In 1990, each state had its own league, but economies of scale and the growing need for greater lobbying efforts and more sophisticated services have caused the merger of multiple organizations. Today, there are just 32 state leagues and eight combined leagues, each serving multiple states. As service orientation declined, so did income sources for state-level groups, which helped speed up the merger process – something Crear believed was necessary.
“League downsizing gave the surviving organizations the rifle focus that they needed and the capability of serving their credit unions with the resources they still had,” Crear said.
In 1990, CUNA also was being buffeted by the winds of change and adopted a stronger advocacy stance, according to Bill Hampel, chief policy officer for CUNA. In fact, the organization itself began to change.
“The year 1990 saw the end of the old structure for CUNA,” said Hampel, who has been with the trade group since 1978. “The CUNA board itself had 350 members then, with an executive committee of 35 members that tended to act as the board.

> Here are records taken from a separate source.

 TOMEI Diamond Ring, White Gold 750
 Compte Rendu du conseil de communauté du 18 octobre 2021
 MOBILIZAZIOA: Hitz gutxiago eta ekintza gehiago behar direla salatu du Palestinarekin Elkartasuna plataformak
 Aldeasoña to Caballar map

The annual meeting looked a lot like a political convention.”
By the mid-1990s, and in response to concerns raised by larger credit unions that state-level leagues restricted free access to the national trade group, the nature and structure of CUNA began to evolve. Continuing consolidation in the number of credit unions themselves also fueled the dialogue of change.

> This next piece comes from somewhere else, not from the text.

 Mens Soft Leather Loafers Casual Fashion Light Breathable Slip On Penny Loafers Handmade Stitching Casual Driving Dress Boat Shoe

“By 1990, credit union consolidation had come a long way,” Hampel said. “That year we had 14,500 credit unions serving 62 million members. The number of institutions was down from its peak in 1970 of 23,700 that at the time served only 23 million members.”
Currently, 6,206 federally insured credit unions serve 100 million members, according to data released by the NCUA.

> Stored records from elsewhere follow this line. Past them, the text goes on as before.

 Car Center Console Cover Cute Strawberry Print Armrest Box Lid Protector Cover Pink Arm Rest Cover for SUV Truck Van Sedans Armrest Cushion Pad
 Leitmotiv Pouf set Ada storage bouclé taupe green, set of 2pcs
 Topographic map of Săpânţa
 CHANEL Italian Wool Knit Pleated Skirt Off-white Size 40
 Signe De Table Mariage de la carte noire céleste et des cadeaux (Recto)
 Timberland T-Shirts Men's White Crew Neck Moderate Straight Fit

The loss in the number of institutions and the continued growth of sophistication in those remaining changed the nature of CUNA as an organization, Hampel said. In 1990, CUNA still had CUNA Mortgage, which served as a mortgage banker for credit unions, and CUNA Card Services, which provided credit card processing services. At the time, those organizations employed more staff than the trade association itself, and both have ceased to exist as the marketplace continued to change.
“What we're doing better now is what we should have been concentrating on all along, which is advocacy,” Hampel said. “In Washington today, that has become an incredibly onerous and difficult task.”
Despite their relative lack of culpability, credit unions are still caught in retribution and restitution for the Great Recession of 2008, Hampel explained. Subsequent laws and their enforcement have taken a greater toll on credit unions than at any time in recent history, and CUNA stepped up to the plate, he added.
“We believe Dodd-Frank would have been a lot more painful for credit unions had we not been there to soften it,” Hampel said.
During that same period, CUNA's locus of influence moved east from Madison, Wis., to Washington in support of its greater commitment to advocacy. Whether that involved an official change of headquarters is still unknown, according to Crear.
Advocacy has always been at the heart of NAFCU, and over the past 25 years that hasn't changed, according to NAFCU President/CEO Dan Berger. (Pictured left, NAFCU's surviving officers gather together in 1990. From left to right: Bill Richards, Mack Rogers, B. David Goble, Frank Wielga, John Hutchinson, Robert Hess, John Stanton and H.C. (Hank) Klein.)
The association continues to focus on advocacy, education and compliance assistance as its primary missions.
“NAFCU has always focused on federal issues,” Berger, who joined the association in 2006, said. “That's the way it was in 1990 and that's the way it is today.”
One of the greatest changes to the organization occurred just last month when NAFCU opened its membership, formerly restricted to federally chartered credit unions, to state chartered, federally insured credit unions. The move was a logical step for NAFCU, Berger told attendees at the trade association's annual conference in Montreal on June 23.